Setelah penerbangan satu jam setengah, mereka mendarat di Bali dengan selamat. Udara tropis yang hangat langsung menyambut mereka. Sopir dari pihak hotel sudah menunggu dengan papan nama bertuliskan Mr. & Mrs. Zayden.
Mereka dibawa menuju sebuah resor mewah di kawasan Ubud. Berbeda dengan Kuta yang ramai, Ubud menawarkan ketenangan dan pemandangan hutan yang asri. Villa tempat mereka menginap sangat privat, dikelilingi tembok batu alam dan pepohonan rimbun.
Begitu masuk ke dalam villa, mata Keira berbinar. Ada kolam renang pribadi dengan air biru jernih. Kamar tidurnya luas dengan kasur berkelambu putih. Dan yang paling mengejutkan, kamar mandinya berkonsep semi terbuka. Bathtub besar dari batu alam terletak di luar ruangan, dikelilingi tanaman hias.

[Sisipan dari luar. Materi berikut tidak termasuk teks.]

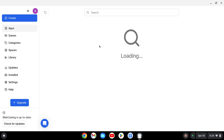As you can see, WebCatalog is installed on my Chromebook. And that's it for today. Bye guys — don't forget to subscribe and like!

"Wow. Ini sih surga," komentar Arkan sambil meletakkan koper.
Keira berjalan menuju kamar mandi terbuka itu dengan tatapan waspada. Dia melihat ke atas, ke arah pepohonan.
"Arkan, ini kamar mandinya terbuka banget. Kalau ada monyet ngintip gimana? Atau kalau ada drone lewat?" tanya Keira paranoid.
Arkan tertawa sambil membuka kemejanya, menyisakan kaos dalam.
"Monyet di sini sopan-sopan kok, Ra. Paling mereka cuma minta pisang, bukan minta liat lo mandi. Lagian kalau ada drone, biar aja. Anggap aja kita lagi syuting film dokumenter alam liar," canda Arkan.
"Enak aja. Gue mandi pakai baju renang kalau gitu," putus Keira.
Malam harinya, mereka bersiap untuk makan malam romantis. Keira mengenakan maxi dress putih dengan motif bunga biru yang cantik. Rambutnya digerai indah dengan hiasan bunga kamboja terselip di telinga. Arkan mengenakan kemeja linen putih dan celana pendek krem, terlihat santai namun tampan.
Mereka memutuskan makan malam di restoran hotel yang terletak di pinggir tebing dengan pemandangan lembah sungai. Suasana sangat romantis dengan lilin-lilin kecil di setiap meja.
Namun, ketenangan mereka terganggu oleh pasangan di meja sebelah.
Meja itu diduduki oleh pasangan muda yang terlihat sangat flashy. Si pria memakai kemeja bermerek dengan logo besar di dada, dan si wanita memakai gaun merah menyala dengan perhiasan emas yang bergemerincing setiap kali dia bergerak. Mereka bicara dengan suara keras, seolah ingin seluruh restoran mendengar percakapan mereka.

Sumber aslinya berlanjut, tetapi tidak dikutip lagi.